Still, all of that is somewhat or directly addressed in the framework, and because it is a guide rather than definitive answer, variations like those discussed above are to be expected. I covered them just to make sure I was covering all critical bases.

The biggest concern I have with the RISE framework really comes here: “The framework assumes that both OER content and assessment items have been explicitly aligned with learning outcomes, allowing designers or evaluators to connect OER to the specific assessments whose success they are designed to facilitate.”

Well, since that doesn’t happen in many courses due to time constraints, that eliminates large chunks of courses. I can also tell you as an instructional designer, many people think they have well-aligned outcomes…. but don’t.

But, let’s assume that you do have a course with “content and assessment items have been explicitly aligned with learning outcomes.” If you have explicitly aligned assessments, you don’t need the RISE framework. To explicitly align assessment with a content is not just a matter of making sure the question tests exactly what is in the content, but to also point to exactly where the aligned content is for each question. Not just the OER itself, but the chapter and page number. Most testing systems today will give you an item-by-item breakdown of each assessment (because teachers have been asking for it). Any low course score on any specific question indicates some problem. At that point, it is best (and quickest) to just ask your learners:

  1. Did the question make sense? Was it well written?
  2. Did it connect to the content?
  3. Did the content itself make sense?

Plus, most content hosting systems have ways to track page clicks, so you can easily make your own matrix using clicks if you need to. The matrix in the framework might give you a good way to organize the data to see where your problem lies…. but to be honest, I think it would be quicker and more accurate to focus on the assessment questions instead of the whole test, and ask the learners about specific questions.

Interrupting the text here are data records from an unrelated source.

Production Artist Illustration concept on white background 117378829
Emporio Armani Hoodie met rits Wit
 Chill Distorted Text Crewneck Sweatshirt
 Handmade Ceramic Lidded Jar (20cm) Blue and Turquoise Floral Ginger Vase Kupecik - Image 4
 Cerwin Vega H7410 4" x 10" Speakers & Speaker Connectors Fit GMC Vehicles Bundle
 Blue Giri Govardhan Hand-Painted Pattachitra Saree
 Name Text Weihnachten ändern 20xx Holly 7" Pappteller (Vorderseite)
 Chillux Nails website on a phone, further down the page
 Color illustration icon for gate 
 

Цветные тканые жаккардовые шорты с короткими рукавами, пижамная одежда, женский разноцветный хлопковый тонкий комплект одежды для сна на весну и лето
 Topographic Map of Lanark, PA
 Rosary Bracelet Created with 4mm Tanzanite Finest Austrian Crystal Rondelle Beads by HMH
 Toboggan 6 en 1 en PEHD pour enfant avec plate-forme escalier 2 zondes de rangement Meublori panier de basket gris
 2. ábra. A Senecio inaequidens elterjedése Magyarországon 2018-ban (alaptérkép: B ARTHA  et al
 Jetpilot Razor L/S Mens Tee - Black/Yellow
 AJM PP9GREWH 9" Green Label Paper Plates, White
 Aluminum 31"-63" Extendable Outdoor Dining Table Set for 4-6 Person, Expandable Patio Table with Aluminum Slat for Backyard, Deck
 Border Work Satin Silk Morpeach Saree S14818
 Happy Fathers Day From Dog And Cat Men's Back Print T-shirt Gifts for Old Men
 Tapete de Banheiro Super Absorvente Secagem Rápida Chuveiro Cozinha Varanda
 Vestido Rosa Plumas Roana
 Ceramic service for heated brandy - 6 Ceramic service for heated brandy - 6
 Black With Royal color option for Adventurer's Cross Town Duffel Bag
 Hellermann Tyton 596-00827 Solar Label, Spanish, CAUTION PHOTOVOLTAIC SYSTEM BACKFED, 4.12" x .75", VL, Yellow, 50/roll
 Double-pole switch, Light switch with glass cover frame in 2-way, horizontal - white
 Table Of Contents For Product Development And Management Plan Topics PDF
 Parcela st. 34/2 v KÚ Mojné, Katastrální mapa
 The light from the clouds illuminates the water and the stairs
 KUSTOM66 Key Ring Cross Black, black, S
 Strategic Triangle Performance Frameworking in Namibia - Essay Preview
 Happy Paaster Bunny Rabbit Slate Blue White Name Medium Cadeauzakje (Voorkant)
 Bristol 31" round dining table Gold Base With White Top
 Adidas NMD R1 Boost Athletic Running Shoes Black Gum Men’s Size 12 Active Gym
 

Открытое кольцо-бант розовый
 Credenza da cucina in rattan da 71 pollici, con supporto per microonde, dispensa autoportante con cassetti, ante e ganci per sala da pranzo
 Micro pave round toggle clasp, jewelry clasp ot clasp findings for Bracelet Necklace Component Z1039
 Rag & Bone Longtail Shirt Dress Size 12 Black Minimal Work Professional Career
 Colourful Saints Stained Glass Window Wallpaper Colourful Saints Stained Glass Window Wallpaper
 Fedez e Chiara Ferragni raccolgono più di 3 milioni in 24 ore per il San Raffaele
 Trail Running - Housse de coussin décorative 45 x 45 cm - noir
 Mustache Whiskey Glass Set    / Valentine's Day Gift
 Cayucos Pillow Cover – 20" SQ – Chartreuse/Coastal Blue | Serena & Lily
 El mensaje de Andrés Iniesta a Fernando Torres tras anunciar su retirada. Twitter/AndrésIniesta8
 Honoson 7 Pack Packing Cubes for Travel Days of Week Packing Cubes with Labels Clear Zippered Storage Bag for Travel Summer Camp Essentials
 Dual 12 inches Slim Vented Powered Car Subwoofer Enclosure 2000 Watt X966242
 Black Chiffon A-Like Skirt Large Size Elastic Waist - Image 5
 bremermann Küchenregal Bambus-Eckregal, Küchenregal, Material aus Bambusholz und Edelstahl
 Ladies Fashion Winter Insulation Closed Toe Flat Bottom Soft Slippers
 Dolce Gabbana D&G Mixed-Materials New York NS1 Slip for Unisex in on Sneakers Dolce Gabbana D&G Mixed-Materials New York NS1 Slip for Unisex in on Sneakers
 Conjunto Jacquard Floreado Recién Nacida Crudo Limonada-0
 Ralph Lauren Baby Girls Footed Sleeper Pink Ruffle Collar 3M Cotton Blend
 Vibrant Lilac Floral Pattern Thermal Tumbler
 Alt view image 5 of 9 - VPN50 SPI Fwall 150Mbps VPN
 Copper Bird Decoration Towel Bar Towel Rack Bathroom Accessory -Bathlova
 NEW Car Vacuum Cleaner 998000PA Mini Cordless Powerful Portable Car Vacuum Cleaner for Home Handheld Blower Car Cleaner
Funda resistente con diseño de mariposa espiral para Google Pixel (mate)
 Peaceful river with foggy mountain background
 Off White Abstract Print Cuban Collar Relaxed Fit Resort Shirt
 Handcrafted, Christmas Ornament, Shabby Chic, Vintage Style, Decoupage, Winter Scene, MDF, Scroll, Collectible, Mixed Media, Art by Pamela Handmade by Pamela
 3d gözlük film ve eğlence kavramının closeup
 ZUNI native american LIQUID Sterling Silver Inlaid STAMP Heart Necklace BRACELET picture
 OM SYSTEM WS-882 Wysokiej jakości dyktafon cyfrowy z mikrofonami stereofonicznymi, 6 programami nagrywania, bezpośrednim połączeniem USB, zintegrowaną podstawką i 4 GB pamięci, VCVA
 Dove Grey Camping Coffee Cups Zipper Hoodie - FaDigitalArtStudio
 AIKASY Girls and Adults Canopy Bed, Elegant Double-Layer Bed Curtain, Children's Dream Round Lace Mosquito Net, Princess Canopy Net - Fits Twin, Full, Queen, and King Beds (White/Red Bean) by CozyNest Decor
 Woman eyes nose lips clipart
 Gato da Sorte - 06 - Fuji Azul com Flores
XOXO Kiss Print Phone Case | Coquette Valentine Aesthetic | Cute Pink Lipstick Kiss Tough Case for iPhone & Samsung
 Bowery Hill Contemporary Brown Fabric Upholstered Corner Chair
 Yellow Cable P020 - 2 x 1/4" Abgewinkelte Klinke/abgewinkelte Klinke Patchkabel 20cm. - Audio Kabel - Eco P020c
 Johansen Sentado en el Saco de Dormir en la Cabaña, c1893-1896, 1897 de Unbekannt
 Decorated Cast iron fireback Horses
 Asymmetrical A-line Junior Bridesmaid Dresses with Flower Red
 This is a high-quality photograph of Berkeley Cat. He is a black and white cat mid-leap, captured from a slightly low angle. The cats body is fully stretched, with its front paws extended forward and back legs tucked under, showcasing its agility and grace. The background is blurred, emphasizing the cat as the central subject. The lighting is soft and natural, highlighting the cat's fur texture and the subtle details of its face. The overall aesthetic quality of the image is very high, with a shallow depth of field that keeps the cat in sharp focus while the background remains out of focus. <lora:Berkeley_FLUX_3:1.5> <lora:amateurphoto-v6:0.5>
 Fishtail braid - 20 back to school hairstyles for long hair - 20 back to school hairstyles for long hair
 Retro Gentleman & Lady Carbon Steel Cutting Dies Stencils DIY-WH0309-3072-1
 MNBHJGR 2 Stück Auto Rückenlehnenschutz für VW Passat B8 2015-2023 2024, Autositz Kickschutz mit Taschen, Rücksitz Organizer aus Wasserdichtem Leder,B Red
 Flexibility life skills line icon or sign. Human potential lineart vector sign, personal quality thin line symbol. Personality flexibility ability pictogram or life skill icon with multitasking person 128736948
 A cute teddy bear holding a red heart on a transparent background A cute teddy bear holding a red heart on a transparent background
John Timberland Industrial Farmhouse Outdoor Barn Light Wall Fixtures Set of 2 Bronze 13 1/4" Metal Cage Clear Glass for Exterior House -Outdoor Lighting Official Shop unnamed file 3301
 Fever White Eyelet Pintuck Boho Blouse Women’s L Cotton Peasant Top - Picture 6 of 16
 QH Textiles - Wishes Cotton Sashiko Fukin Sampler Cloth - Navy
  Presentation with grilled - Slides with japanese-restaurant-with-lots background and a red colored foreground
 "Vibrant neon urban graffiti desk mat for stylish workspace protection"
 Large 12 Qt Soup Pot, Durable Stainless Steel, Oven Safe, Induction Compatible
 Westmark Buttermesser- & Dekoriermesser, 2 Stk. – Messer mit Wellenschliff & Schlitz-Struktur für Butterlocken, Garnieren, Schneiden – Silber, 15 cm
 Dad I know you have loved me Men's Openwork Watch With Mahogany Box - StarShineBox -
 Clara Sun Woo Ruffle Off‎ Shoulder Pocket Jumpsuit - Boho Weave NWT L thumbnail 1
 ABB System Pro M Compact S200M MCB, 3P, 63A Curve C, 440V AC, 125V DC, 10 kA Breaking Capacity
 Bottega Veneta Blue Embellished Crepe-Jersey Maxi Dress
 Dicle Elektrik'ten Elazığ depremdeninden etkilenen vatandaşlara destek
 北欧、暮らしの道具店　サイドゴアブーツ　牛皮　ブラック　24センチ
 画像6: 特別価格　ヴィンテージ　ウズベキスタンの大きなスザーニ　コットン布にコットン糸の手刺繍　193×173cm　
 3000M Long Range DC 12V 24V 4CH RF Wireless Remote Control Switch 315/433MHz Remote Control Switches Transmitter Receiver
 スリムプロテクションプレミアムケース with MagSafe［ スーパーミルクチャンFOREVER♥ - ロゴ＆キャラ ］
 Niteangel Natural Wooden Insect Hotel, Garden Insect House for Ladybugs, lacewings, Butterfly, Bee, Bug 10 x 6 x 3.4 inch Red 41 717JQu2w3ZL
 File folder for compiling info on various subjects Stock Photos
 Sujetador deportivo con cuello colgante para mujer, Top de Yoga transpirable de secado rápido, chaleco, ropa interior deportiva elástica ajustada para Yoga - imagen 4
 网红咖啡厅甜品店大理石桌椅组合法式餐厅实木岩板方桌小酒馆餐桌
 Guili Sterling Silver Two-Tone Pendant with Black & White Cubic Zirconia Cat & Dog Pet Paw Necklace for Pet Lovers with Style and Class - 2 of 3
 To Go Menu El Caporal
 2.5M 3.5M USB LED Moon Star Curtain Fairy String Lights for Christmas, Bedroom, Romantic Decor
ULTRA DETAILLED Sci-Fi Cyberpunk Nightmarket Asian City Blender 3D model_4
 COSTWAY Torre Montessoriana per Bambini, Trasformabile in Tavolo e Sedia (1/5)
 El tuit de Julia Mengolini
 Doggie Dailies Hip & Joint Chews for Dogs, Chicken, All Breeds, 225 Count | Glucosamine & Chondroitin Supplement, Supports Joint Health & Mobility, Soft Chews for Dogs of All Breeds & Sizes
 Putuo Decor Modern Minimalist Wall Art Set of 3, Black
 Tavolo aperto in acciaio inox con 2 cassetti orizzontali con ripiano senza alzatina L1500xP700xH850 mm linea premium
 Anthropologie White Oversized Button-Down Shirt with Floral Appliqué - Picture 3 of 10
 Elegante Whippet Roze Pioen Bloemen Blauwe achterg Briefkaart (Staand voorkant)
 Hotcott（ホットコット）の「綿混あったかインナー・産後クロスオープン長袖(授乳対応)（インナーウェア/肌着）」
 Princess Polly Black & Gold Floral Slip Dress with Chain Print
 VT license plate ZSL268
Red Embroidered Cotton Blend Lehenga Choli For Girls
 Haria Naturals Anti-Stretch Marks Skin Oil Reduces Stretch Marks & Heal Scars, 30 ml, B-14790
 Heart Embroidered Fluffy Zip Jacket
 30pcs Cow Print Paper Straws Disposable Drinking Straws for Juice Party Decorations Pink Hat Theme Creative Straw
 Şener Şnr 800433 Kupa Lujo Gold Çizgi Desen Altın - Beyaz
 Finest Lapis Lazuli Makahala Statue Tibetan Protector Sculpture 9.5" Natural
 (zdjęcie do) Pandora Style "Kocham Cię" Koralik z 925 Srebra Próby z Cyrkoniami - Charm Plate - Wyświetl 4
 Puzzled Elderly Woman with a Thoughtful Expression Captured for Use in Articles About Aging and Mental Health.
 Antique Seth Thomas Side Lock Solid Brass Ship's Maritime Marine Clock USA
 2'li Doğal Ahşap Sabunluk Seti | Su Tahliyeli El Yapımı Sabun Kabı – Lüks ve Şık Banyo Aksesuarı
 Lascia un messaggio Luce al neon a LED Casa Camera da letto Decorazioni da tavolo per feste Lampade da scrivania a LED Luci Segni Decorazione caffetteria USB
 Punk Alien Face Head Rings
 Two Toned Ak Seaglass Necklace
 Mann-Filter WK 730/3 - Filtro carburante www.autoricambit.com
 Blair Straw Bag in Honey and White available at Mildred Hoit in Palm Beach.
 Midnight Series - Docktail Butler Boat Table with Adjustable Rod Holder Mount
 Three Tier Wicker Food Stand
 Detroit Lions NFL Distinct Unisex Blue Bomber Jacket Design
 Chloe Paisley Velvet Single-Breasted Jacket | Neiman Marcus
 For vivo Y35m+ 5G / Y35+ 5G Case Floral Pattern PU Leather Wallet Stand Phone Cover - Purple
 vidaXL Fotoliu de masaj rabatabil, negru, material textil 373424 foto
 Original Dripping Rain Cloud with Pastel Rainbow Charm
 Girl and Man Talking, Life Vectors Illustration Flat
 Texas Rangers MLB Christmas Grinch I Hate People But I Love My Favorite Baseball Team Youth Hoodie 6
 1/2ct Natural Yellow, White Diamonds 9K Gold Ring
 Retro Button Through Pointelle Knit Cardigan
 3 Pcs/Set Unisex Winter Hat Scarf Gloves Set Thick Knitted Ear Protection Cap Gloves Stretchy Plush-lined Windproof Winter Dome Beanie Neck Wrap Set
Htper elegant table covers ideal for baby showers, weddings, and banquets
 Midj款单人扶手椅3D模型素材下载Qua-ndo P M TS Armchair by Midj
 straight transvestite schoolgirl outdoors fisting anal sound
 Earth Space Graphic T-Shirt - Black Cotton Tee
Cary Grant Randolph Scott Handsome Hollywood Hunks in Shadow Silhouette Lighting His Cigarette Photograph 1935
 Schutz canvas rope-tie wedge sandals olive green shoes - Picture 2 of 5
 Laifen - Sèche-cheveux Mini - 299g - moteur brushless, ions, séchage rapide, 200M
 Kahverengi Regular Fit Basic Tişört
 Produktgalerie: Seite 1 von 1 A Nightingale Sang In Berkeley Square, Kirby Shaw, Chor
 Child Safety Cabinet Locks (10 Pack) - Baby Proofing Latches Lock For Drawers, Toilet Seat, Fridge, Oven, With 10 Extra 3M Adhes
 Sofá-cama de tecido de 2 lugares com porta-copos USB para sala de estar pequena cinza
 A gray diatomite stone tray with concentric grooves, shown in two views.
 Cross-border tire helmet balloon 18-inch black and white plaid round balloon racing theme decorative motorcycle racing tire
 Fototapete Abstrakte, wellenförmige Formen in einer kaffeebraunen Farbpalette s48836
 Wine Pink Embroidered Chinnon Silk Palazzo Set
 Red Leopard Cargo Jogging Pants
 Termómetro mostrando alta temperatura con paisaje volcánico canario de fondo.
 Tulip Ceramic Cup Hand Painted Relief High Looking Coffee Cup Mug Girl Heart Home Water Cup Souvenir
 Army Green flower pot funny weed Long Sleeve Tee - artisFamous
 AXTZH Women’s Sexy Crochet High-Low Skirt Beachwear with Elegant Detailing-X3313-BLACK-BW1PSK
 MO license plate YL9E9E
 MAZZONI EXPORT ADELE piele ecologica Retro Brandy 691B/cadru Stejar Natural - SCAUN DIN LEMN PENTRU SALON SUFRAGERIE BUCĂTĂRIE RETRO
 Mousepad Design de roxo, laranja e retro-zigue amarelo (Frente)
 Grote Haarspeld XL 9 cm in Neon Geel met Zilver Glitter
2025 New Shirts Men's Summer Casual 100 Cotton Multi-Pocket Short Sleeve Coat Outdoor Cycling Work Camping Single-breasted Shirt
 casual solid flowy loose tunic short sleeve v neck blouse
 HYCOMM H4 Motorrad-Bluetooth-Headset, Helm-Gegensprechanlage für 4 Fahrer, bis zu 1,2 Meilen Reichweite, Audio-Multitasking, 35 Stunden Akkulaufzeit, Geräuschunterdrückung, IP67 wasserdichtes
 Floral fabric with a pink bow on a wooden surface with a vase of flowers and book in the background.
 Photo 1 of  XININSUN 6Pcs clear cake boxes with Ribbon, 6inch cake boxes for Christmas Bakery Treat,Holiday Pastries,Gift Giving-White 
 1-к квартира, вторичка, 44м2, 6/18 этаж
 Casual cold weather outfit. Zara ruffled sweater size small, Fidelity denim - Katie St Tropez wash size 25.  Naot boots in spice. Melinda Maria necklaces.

Also, explicit alignment can itself hide problems with the content. An explicit alignment would require that you test what is in the content, even if the content is bad. This is one of the many things you learn as an ID: don’t test what students don’t learn; write your test questions to match the content no matter what. A decently-aligned assessment can still produce grades from a very bad content source. One of my ID professors once told me something along the lines of “a good instructional designer can help students pass even with bad textbooks; a bad instructional designer can help them fail with the best textbook.”

Look – instructional designers have been dealing with good and bad textbooks for decades now. Same goes for instructors that serve as their own IDs. We have many ways to work around those.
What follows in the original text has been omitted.